WHAT THE TASK ASKS
Return each line exactly, from the one that has "护士长年终工作总结及计划33_第7页" through the end of the entries, both ends included. Pictures do not belong.

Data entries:

================

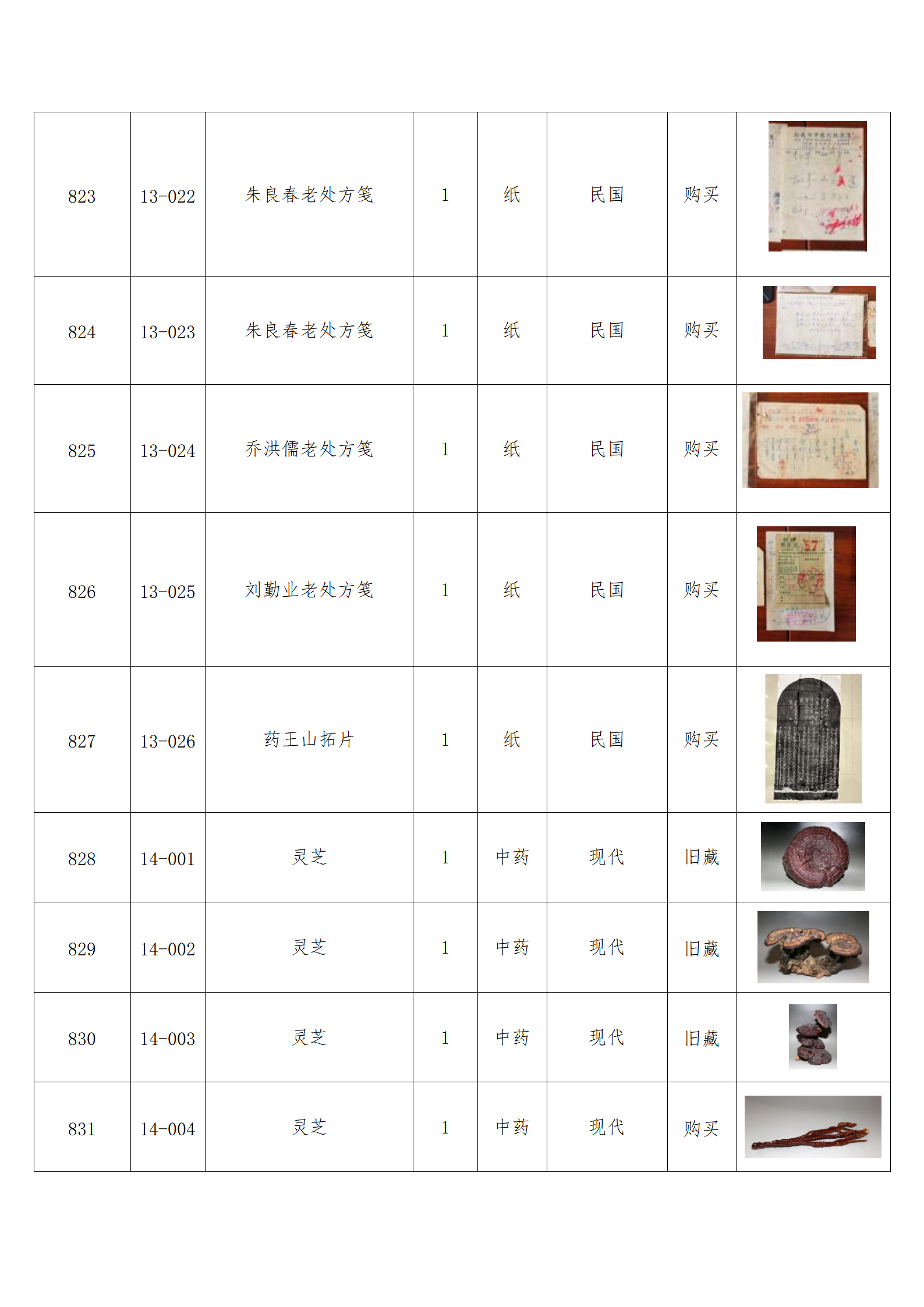 臨朐縣中醫藥博物館藏品數據庫_68.png
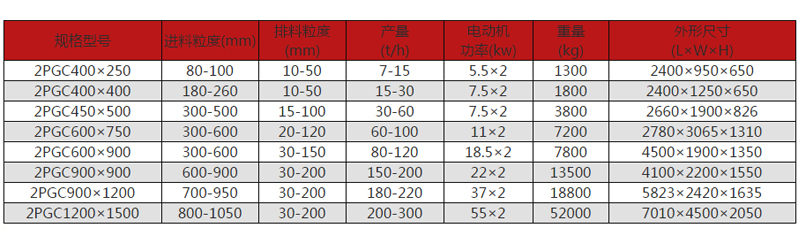 碳素破碎機(jī)型號規(guī)格及其技術(shù)參數(shù)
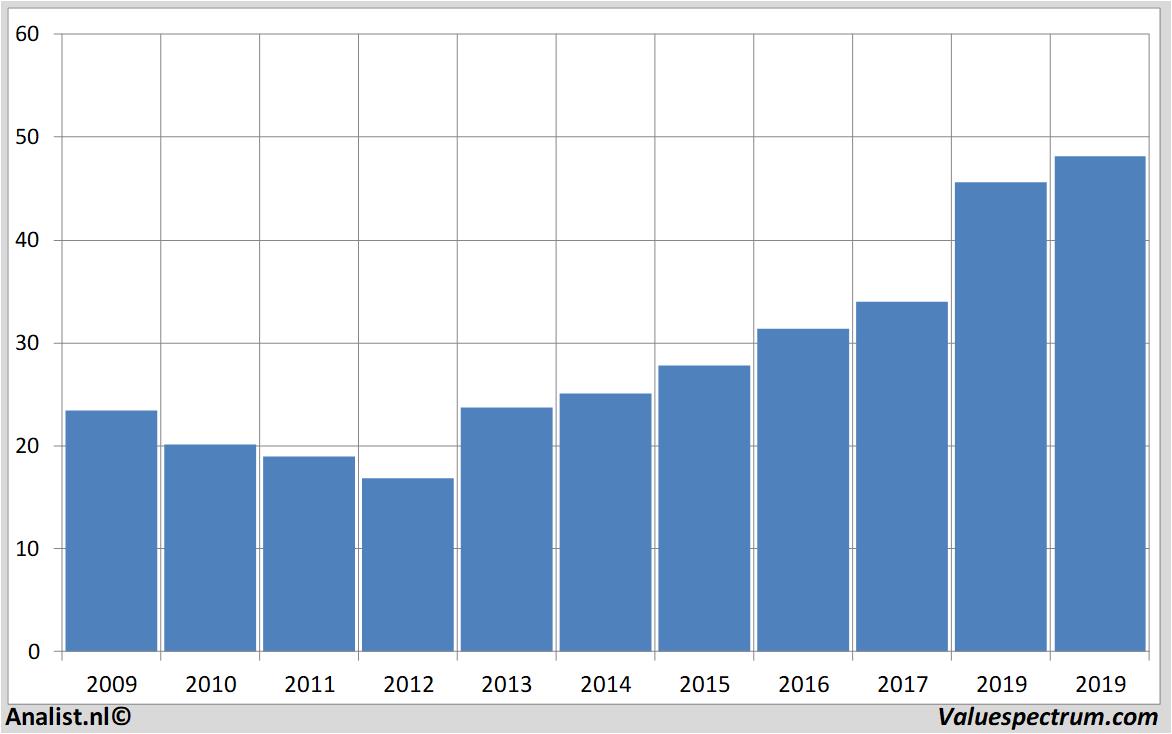 historical stocks ciscosystems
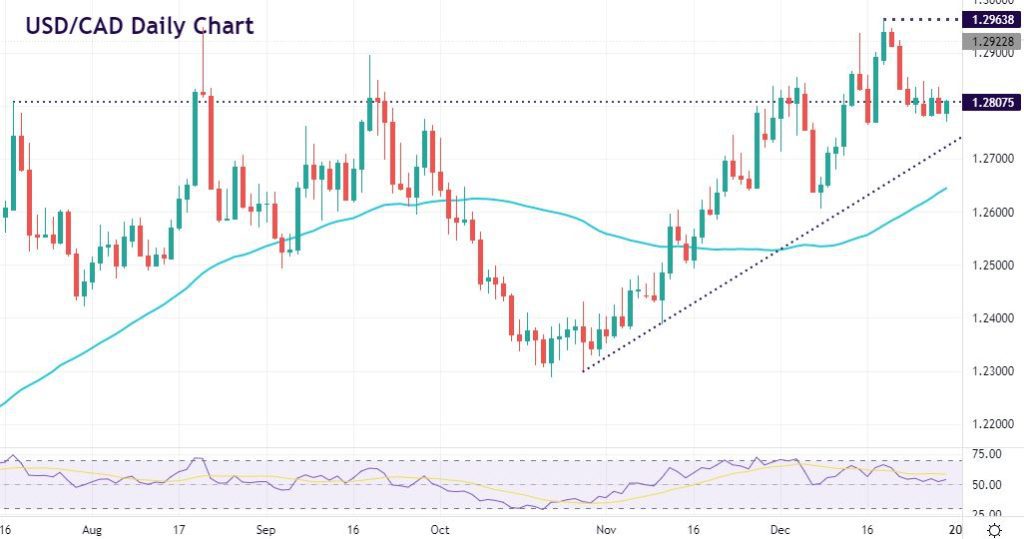 USD/CAD consolidates below recent highs even with oil strong
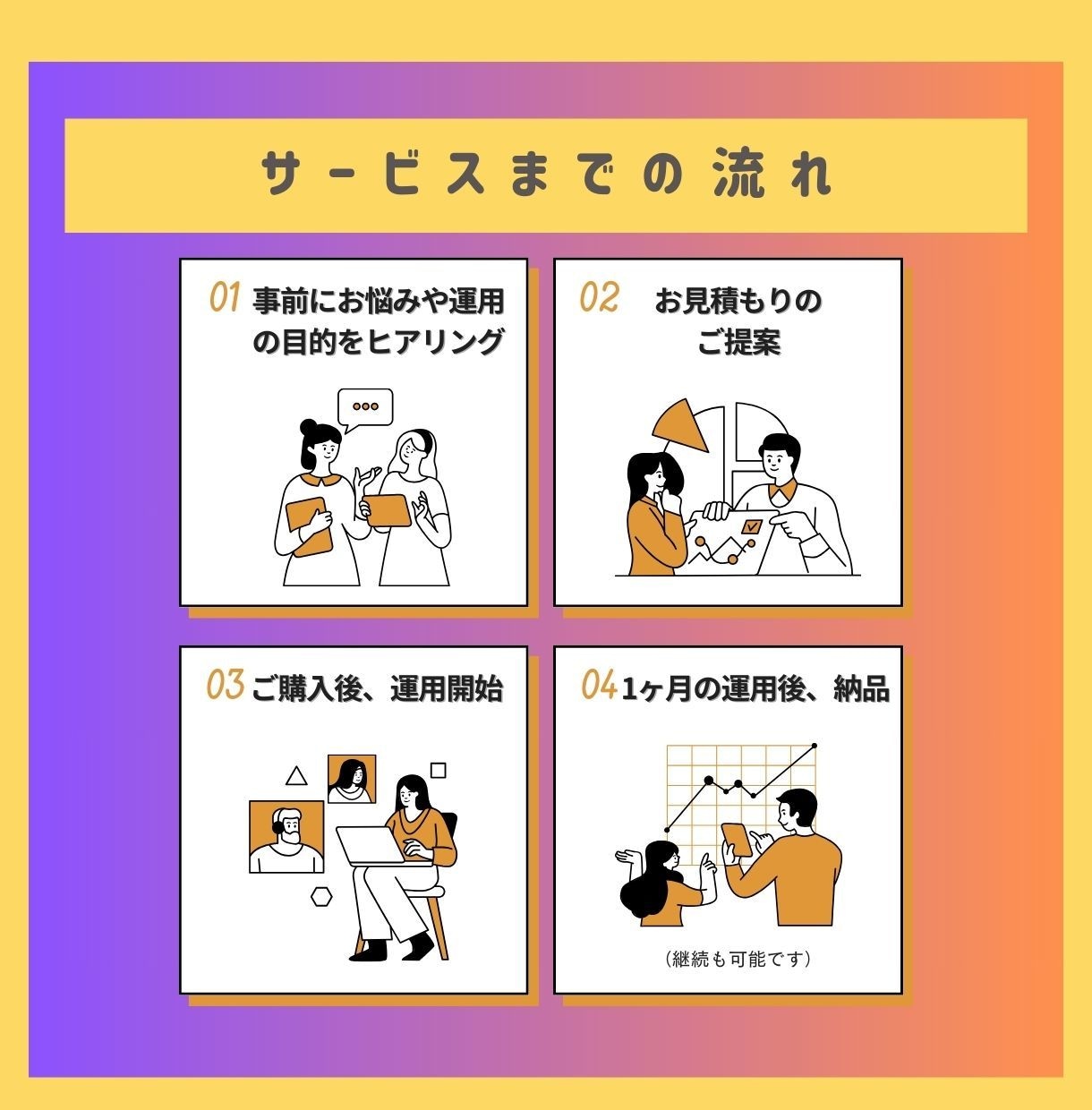 任せるならプロに！Instagram運用代行します プロマーケターがインスタを強化！集客・フォロワー獲得を支援！ イメージ8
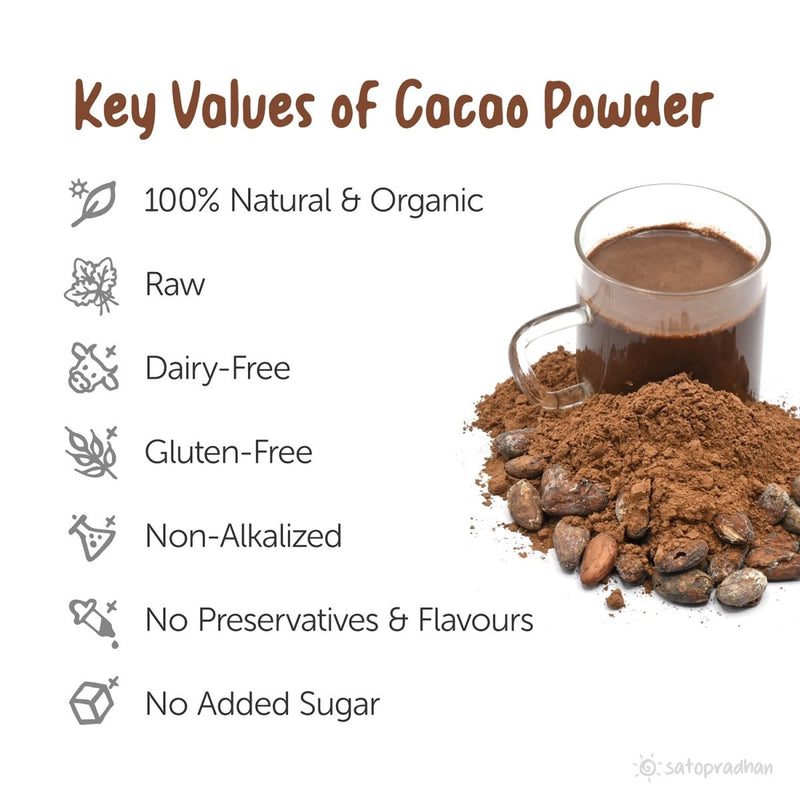 Buy 100% Organic Cacao Powder- Unsweetened & Non Alkalized | Shop Verified Sustainable Products on Brown Living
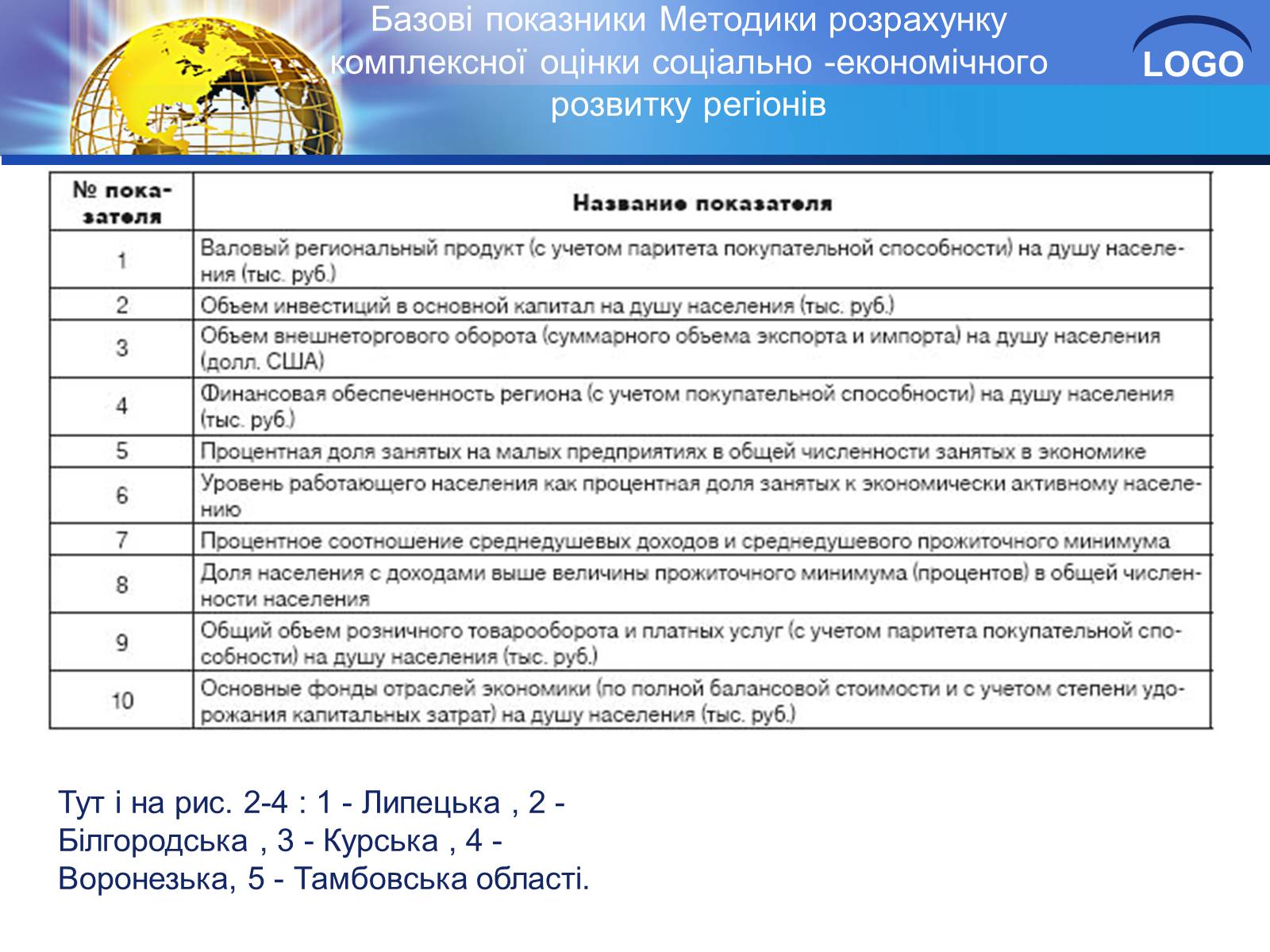 Презентація на тему «Глобалізація та її негативний вплив» - Слайд #9 Презентація на тему «Глобалізація та її негативний вплив» - Слайд #9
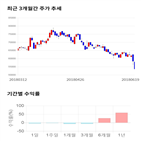 종목,점수,투자,휴온스글로벌,측면,주가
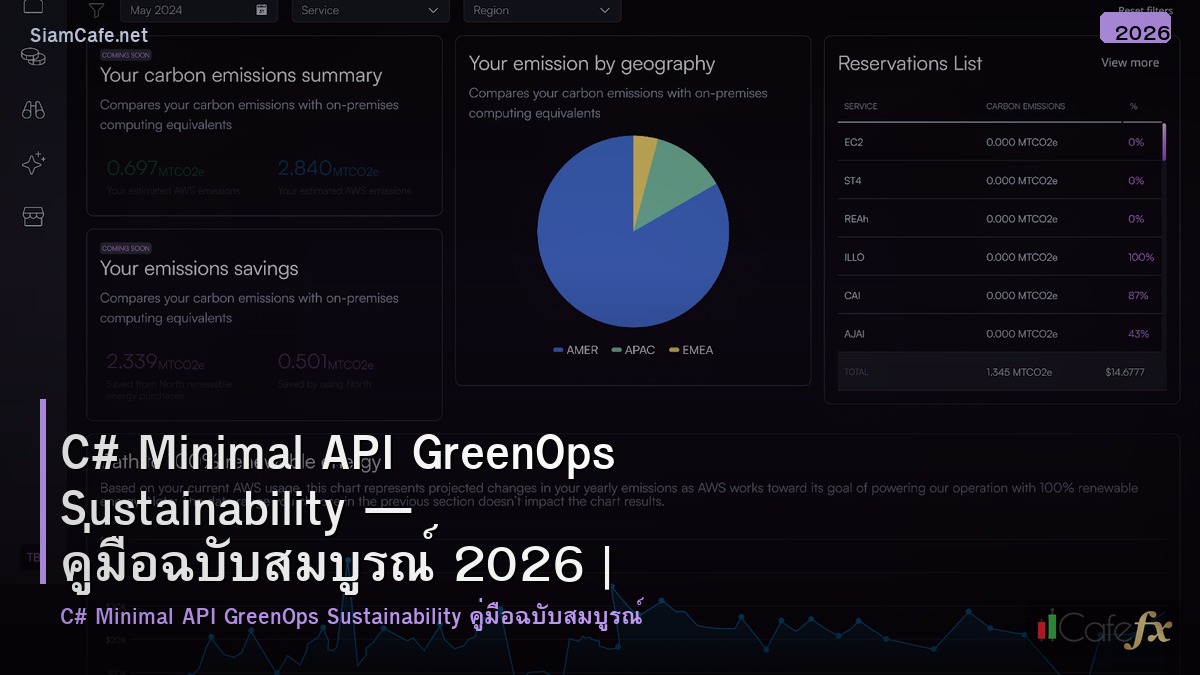 c minimal api greenops sustainability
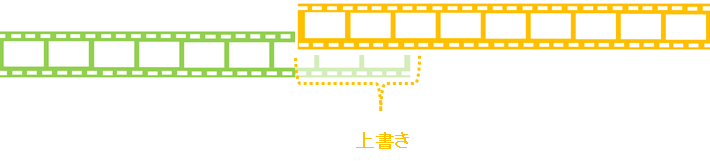 パワーディレクター_タイムライン_クリップを重ねた時の指示_上書き_イメージ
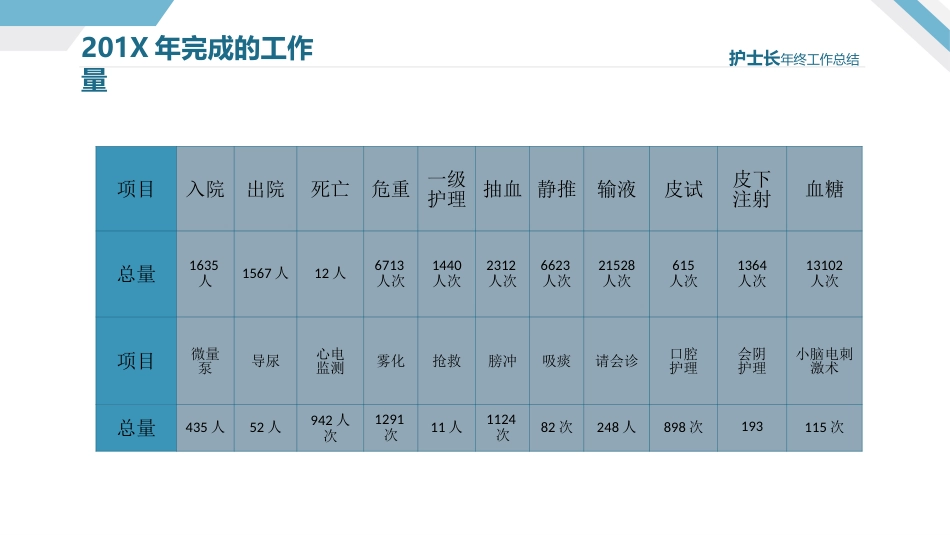护士长年终工作总结及计划33_第7页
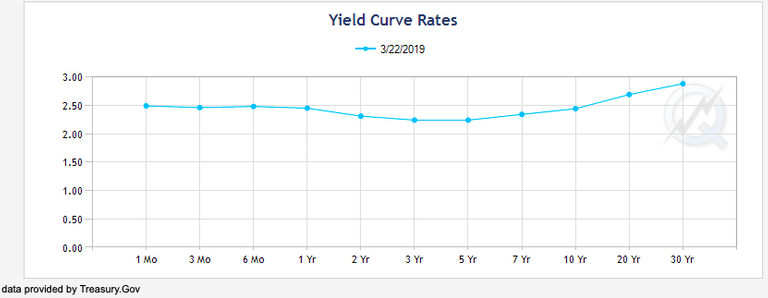 Yield Curve.png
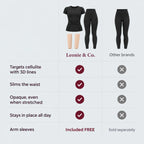 Leonie & Co 3D Complete Set compared with other brands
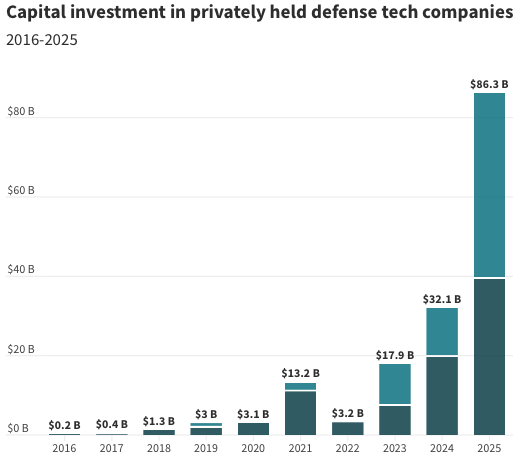 Over the last decade, private investment in the top 100 privately held defense firms (as ranked by the Silicon Valley Defense Group) has increased from $230 million in 2016 to $86 billion in 2025. Chart by Thomas Gaulkin / Flourish. Source: 2026 NatSec100 report, Silicon Valley Defense Group.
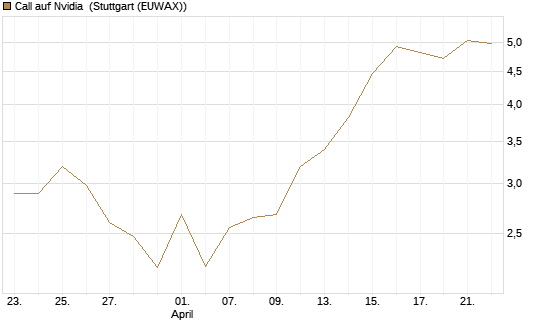 Call auf Nvidia [J.P. Morgan Structured Products B.V.] Chart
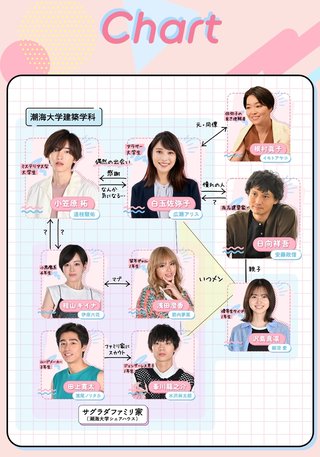 TBS系【マイ・セカンド・アオハル】火曜10時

================

TASK RESULT
护士长年终工作总结及计划33_第7页
 Yield Curve.png
 Leonie & Co 3D Complete Set compared with other brands
 Over the last decade, private investment in the top 100 privately held defense firms (as ranked by the Silicon Valley Defense Group) has increased from $230 million in 2016 to $86 billion in 2025. Chart by Thomas Gaulkin / Flourish. Source: 2026 NatSec100 report, Silicon Valley Defense Group.
 Call auf Nvidia [J.P. Morgan Structured Products B.V.] Chart
 TBS系【マイ・セカンド・アオハル】火曜10時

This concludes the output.